After our first camping experience, being woken up by the police, we decided this time we would do it right and get permits.  We packed up our stuff and headed off.  Hau'ula is a rural community on the Windward side, near the North Shore.  So either way we went from Pearl City, it was taking us some time.

When we arrived we realized that this camping trip really would not be that "rough".  At least not like the last one.  There was a 7-Eleven across the street from the beach our permit was for.  We also realized that we were the only "haoles" at the campsite.  For those of you that have never been to Hawaii, that means we were non-local.

Matt was MUCH better at swinging!
  Anyway, we set up our stuff and went about exploring.

Matt and I came across and rope swing.  The swing would have been perfect if the ocean was 5 feet higher.  We could swing out over the ocean, but letting go would drop us into ankle-deep water.  Despite that we had a grand old time pretending to be Tarzan and Jane.

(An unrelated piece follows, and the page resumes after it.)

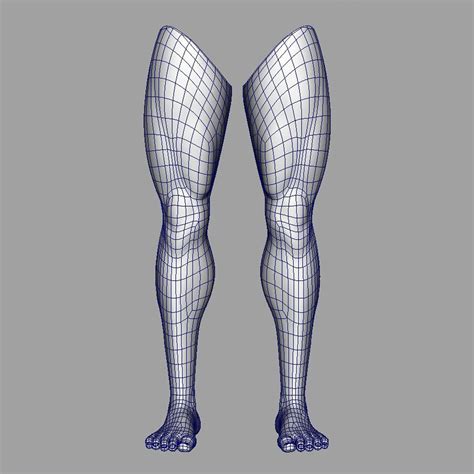 Legs 3D Model $30 - .fbx .obj .ma - Free3D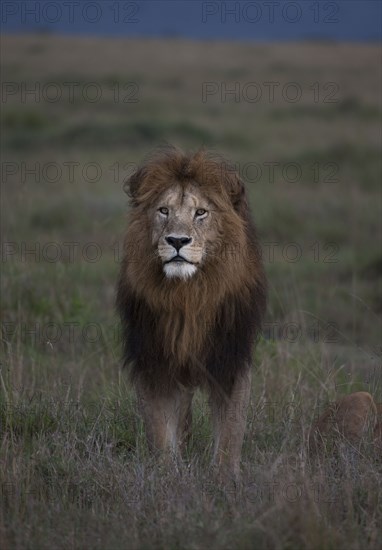 Lion standing in remote field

As the night went on, our fire got started and the alcohol started flowing.  Before we knew it, we were making friends with the locals that were camping and they were sharing tales of the mysterious things that went on in the rainforest.  One story that was told was about the collapse of Sacred Falls.

The local people believe in taking care of the 'aina (land).  This includes preservation, conservation and keeping the 'aina clean.  Now, one thing you need to know is that locals believe in legends.  And after spending two years in Hawai'i, I have to admit I waver on the subject, but I believe more often than not.

Sunrise the next morning.
  The story that was told to us is about Kamapua'a. Kamapua'a was a god that appeared in pig form.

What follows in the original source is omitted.